(Given entries begins)
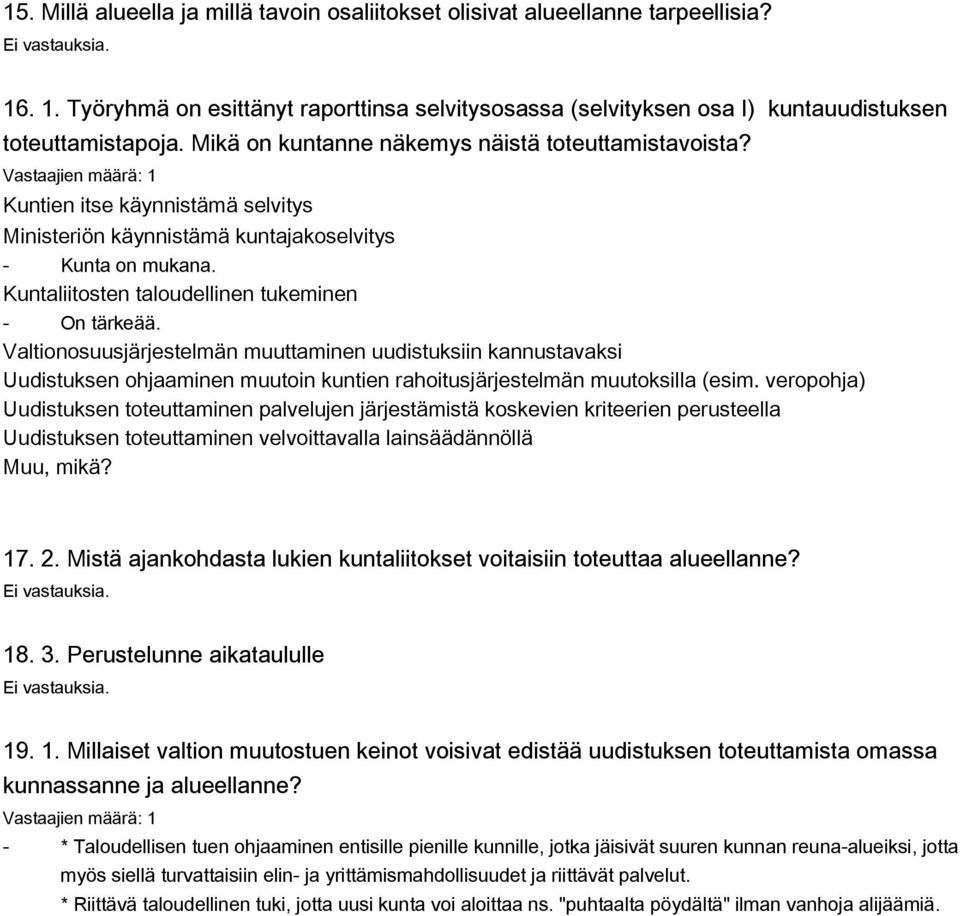 Kuntien itse käynnistämä selvitys Ministeriön käynnistämä kuntajakoselvitys - Kunta on mukana. Kuntaliitosten taloudellinen tukeminen - On tärkeää.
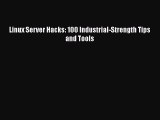 [PDF Download] Linux Server Hacks: 100 Industrial-Strength Tips and Tools [PDF] Online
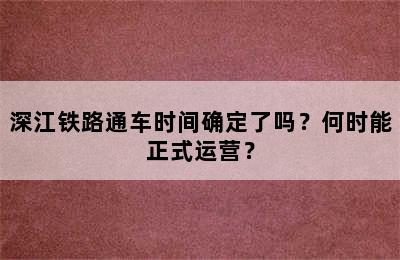 深江铁路通车时间确定了吗？何时能正式运营？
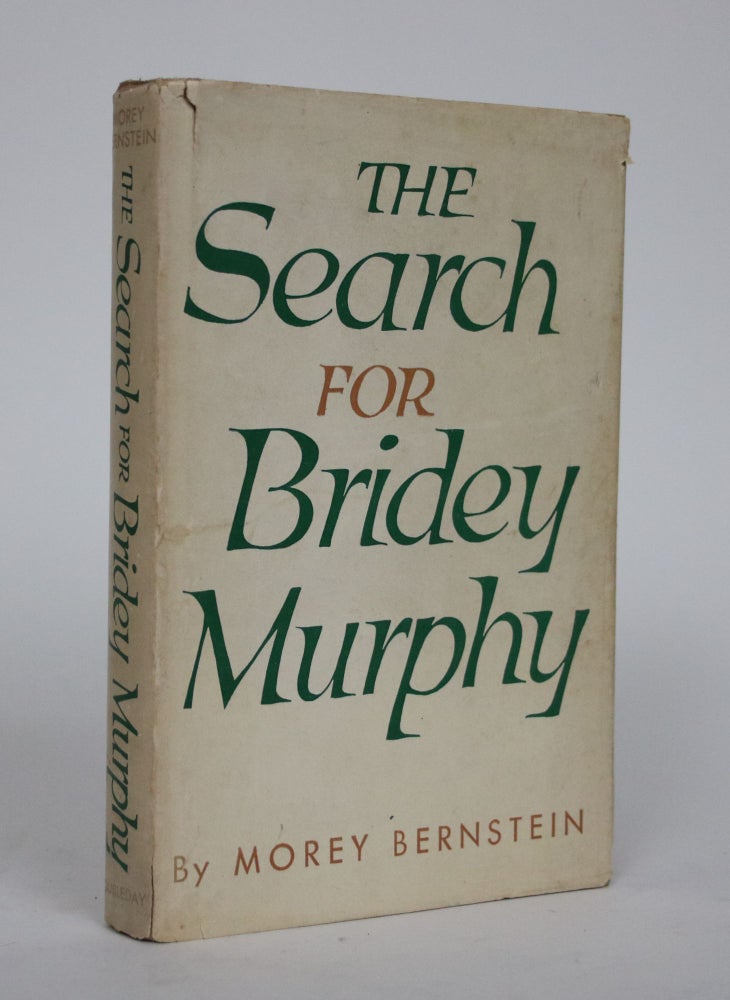 Item #002530 The Search for Bridey Murphy. Morey Bernstein.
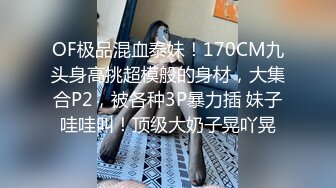 OF极品混血泰妹！170CM九头身高挑超模般的身材，大集合P2，被各种3P暴力插 妹子哇哇叫！顶级大奶子晃吖晃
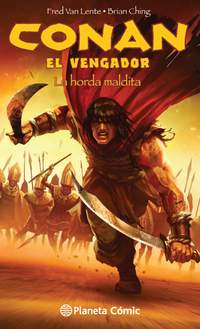 2. CONAN EL VENGADOR. LA HORDA MALDITA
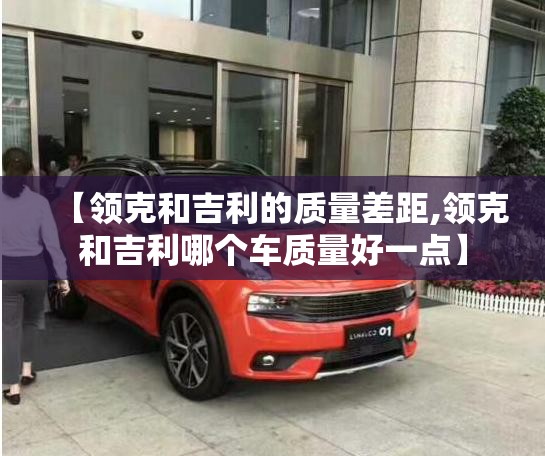 【领克和吉利的质量差距,领克和吉利哪个车质量好一点】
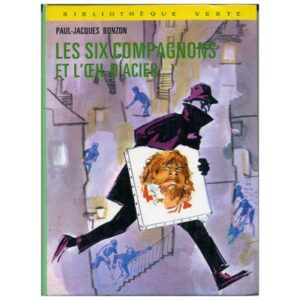 Les Six compagnons  et l'il d'acier, by  Paul Jacques BONZON  Hachette Bibliothèque verte  Dépôt légal 1974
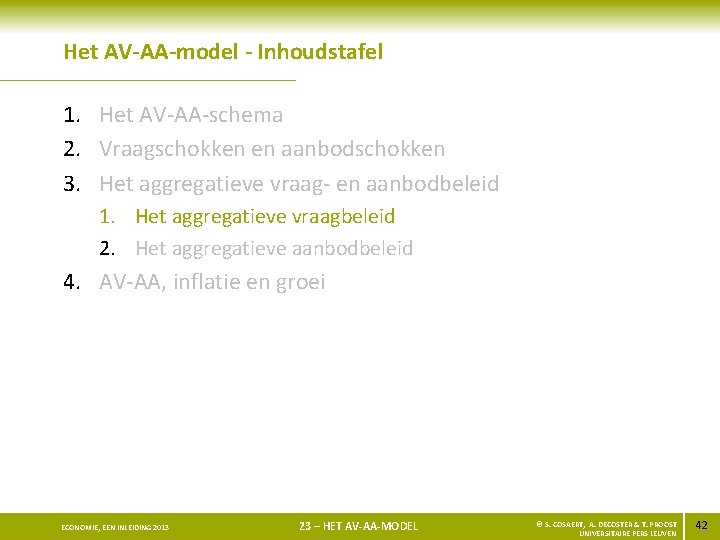 Het AV-AA-model - Inhoudstafel 1. Het AV-AA-schema 2. Vraagschokken en aanbodschokken 3. Het aggregatieve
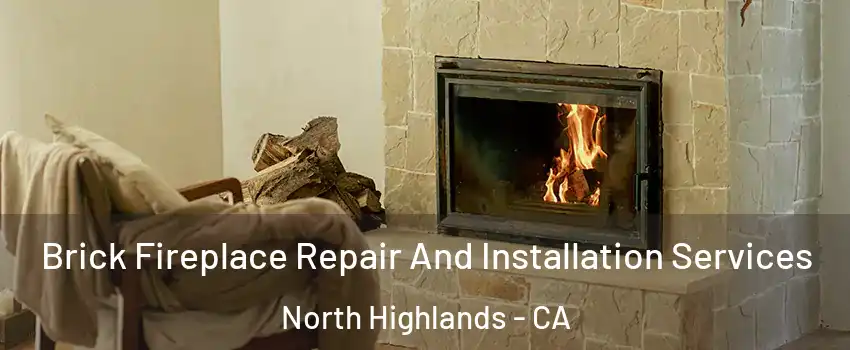  Brick Fireplace Repair And Installation Services North Highlands - CA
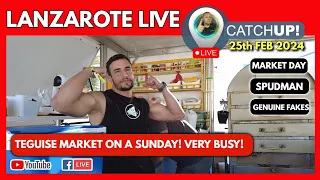 🔴THE LANZAROTE TEGUISE MARKET! RAMMED! | 🔴LIVE CATCHUP! People on the market stalls so nice!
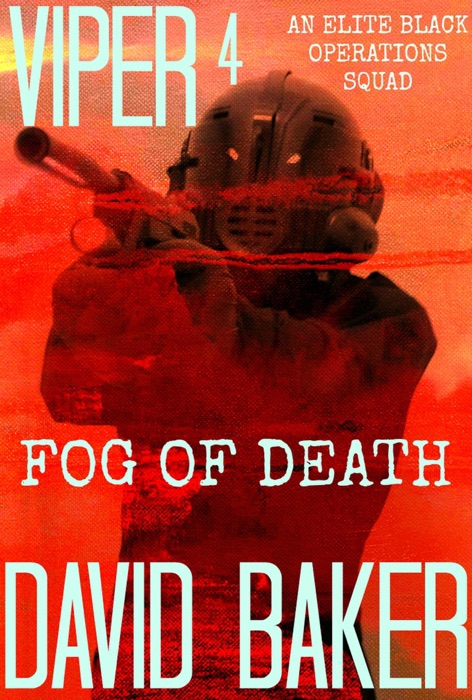 Viper 4 - Fog of Death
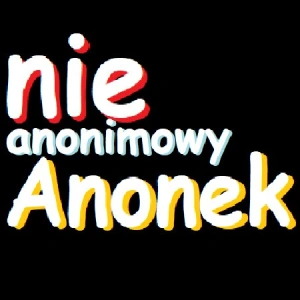 Nie_anonimowy_Anonek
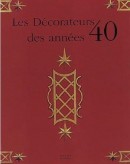 LES DÉCORATEURS DES ANNÉES 40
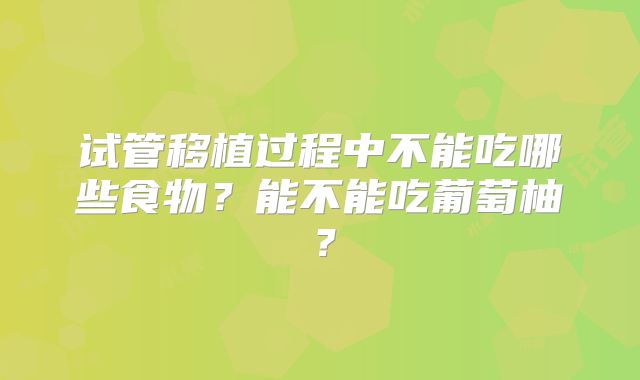 试管移植过程中不能吃哪些食物？能不能吃葡萄柚？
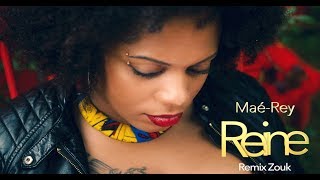 Video voorbeeld van "Maé-Rey - Reine ( Remix Zouk )"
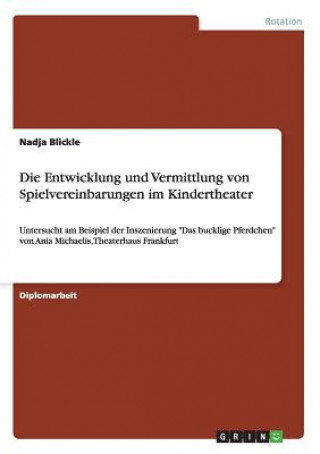 Kniha Entwicklung und Vermittlung von Spielvereinbarungen im Kindertheater Nadja Blickle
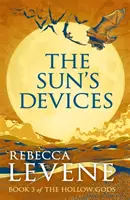 Sluneční zařízení - 3. kniha Dutých bohů - Sun's Devices - Book 3 of The Hollow Gods
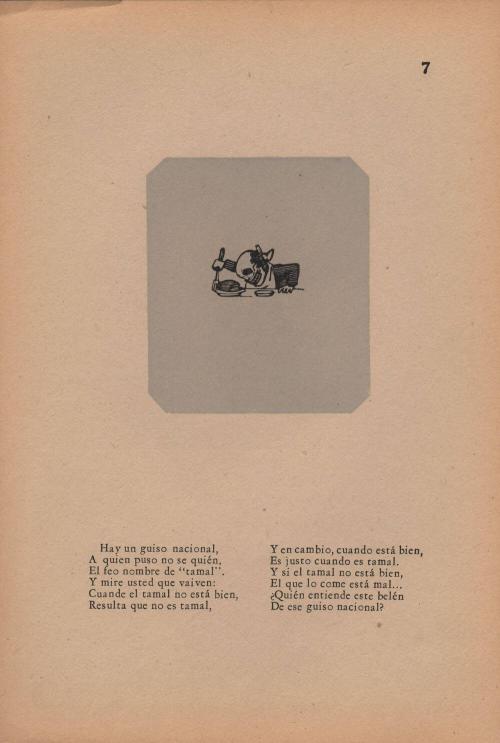 7. Hay un guiso nacional,/ A quien puso no se quién,/ El feo nombre de “tamal”./ Y mire usted que vaiven:/ Cuande el tamal no está bien,/ Resulta que no es tamal,/ Y en cambio, cuando está bien,/ Es justo cuando es tamal./ Y si el tamal no está bien./ El que lo come está mal…/ ¿Quién entiende este belén/ De ese guiso nacional?
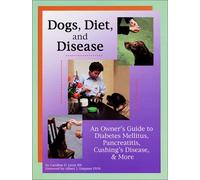 Dogs, Diet and Disease: An Owner's Guide to Diabetes Mellitus, Pancreatitis, Cushing's Disease and More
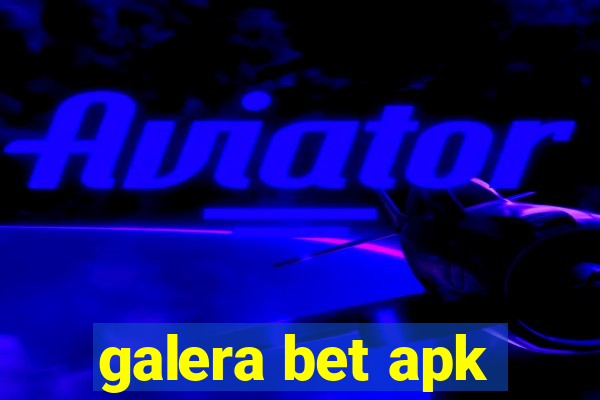 galera bet apk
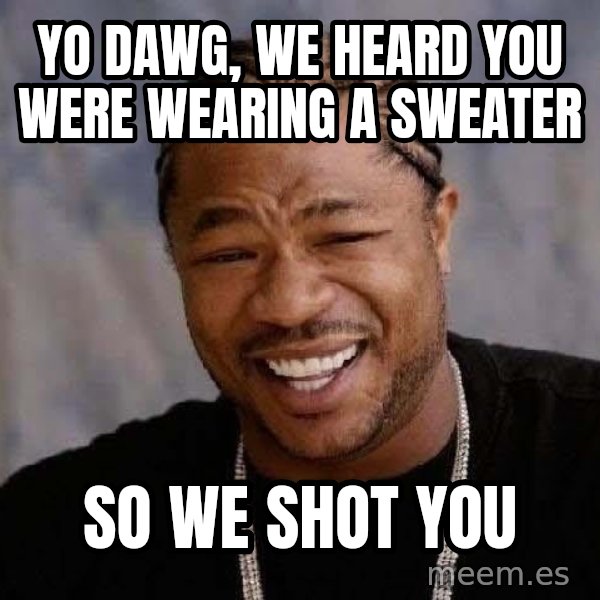 Yo Dawg meme: yo dawg, we heard you were wearing a sweater / so we shot you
(Given entries ends)
§ **What is expected**
Give back every record above exactly as written, skipping each picture.

§ **Solution to this task**
 Kuntien itse käynnistämä selvitys Ministeriön käynnistämä kuntajakoselvitys - Kunta on mukana. Kuntaliitosten taloudellinen tukeminen - On tärkeää.
 [PDF Download] Linux Server Hacks: 100 Industrial-Strength Tips and Tools [PDF] Online
 深江铁路通车时间确定了吗？何时能正式运营？
 Item #002530 The Search for Bridey Murphy. Morey Bernstein.
 OF极品混血泰妹！170CM九头身高挑超模般的身材，大集合P2，被各种3P暴力插 妹子哇哇叫！顶级大奶子晃吖晃
 2. CONAN EL VENGADOR. LA HORDA MALDITA
 【领克和吉利的质量差距,领克和吉利哪个车质量好一点】
 Les Six compagnons  et l'il d'acier, by  Paul Jacques BONZON  Hachette Bibliothèque verte  Dépôt légal 1974
 Het AV-AA-model - Inhoudstafel 1. Het AV-AA-schema 2. Vraagschokken en aanbodschokken 3. Het aggregatieve
  Brick Fireplace Repair And Installation Services North Highlands - CA
 🔴THE LANZAROTE TEGUISE MARKET! RAMMED! | 🔴LIVE CATCHUP! People on the market stalls so nice!
 Viper 4 - Fog of Death
 Nie_anonimowy_Anonek
 LES DÉCORATEURS DES ANNÉES 40
 试管移植过程中不能吃哪些食物？能不能吃葡萄柚？
 Video voorbeeld van "Maé-Rey - Reine ( Remix Zouk )"
 Kniha Entwicklung und Vermittlung von Spielvereinbarungen im Kindertheater Nadja Blickle
 Sluneční zařízení - 3. kniha Dutých bohů - Sun's Devices - Book 3 of The Hollow Gods
 7. Hay un guiso nacional,/ A quien puso no se quién,/ El feo nombre de “tamal”./ Y mire usted que vaiven:/ Cuande el tamal no está bien,/ Resulta que no es tamal,/ Y en cambio, cuando está bien,/ Es justo cuando es tamal./ Y si el tamal no está bien./ El que lo come está mal…/ ¿Quién entiende este belén/ De ese guiso nacional?
 Dogs, Diet and Disease: An Owner's Guide to Diabetes Mellitus, Pancreatitis, Cushing's Disease and More
 galera bet apk
 Yo Dawg meme: yo dawg, we heard you were wearing a sweater / so we shot you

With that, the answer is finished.